> _Action item_
Would you return every line of the listing below that has "Dress" in it?

> _Supplied data_
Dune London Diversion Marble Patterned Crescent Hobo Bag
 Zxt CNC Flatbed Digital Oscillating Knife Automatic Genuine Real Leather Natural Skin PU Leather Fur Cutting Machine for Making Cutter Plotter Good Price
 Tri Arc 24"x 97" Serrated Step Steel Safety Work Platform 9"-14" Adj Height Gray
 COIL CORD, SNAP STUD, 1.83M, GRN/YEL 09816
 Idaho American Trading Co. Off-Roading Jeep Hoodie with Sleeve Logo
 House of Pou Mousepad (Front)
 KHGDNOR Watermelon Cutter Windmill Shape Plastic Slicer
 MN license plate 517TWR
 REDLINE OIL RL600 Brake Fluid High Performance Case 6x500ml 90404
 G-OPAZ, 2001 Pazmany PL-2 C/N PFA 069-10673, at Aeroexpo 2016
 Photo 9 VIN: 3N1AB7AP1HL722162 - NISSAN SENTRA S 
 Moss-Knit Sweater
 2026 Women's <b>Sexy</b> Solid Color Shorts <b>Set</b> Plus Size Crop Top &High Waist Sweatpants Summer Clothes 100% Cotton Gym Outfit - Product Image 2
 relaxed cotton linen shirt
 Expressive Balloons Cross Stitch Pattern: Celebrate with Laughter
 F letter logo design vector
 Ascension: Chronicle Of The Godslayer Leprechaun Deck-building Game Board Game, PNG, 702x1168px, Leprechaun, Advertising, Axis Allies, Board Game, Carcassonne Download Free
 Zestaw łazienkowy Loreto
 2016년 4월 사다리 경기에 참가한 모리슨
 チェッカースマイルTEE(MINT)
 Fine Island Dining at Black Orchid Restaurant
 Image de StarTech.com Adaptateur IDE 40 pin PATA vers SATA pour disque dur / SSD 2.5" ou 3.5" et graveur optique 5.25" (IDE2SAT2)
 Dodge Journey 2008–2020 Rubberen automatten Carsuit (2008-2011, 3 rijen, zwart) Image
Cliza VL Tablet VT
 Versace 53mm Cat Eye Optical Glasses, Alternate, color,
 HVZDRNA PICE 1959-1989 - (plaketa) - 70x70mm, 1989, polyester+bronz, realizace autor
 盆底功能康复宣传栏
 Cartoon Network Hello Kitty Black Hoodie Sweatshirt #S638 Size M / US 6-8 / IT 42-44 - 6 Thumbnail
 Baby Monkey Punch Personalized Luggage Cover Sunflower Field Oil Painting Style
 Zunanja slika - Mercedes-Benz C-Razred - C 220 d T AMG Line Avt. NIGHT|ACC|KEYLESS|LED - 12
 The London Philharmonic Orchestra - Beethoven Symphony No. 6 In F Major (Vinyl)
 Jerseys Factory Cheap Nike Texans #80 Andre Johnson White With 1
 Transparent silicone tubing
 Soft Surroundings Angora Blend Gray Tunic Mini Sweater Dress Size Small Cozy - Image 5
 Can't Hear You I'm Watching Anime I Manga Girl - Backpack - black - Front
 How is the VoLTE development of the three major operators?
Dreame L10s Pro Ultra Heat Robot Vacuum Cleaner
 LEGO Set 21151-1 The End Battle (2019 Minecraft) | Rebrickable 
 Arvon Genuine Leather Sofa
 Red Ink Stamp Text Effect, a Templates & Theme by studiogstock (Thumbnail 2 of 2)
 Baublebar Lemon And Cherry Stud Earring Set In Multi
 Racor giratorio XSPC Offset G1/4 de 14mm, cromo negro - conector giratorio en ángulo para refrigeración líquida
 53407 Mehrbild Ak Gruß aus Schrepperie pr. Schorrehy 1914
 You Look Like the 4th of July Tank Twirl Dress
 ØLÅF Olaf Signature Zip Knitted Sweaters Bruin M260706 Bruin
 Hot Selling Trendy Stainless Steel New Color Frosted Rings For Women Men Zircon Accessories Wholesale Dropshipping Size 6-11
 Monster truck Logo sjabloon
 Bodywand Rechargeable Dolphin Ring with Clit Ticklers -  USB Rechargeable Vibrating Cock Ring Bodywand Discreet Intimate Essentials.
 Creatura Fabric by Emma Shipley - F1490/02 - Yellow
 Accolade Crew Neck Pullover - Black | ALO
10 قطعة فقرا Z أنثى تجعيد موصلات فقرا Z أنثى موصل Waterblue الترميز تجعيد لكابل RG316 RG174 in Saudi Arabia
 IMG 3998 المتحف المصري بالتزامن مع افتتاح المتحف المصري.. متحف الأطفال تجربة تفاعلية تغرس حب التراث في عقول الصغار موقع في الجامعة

> _Answer to the problem_
 Soft Surroundings Angora Blend Gray Tunic Mini Sweater Dress Size Small Cozy - Image 5
 You Look Like the 4th of July Tank Twirl Dress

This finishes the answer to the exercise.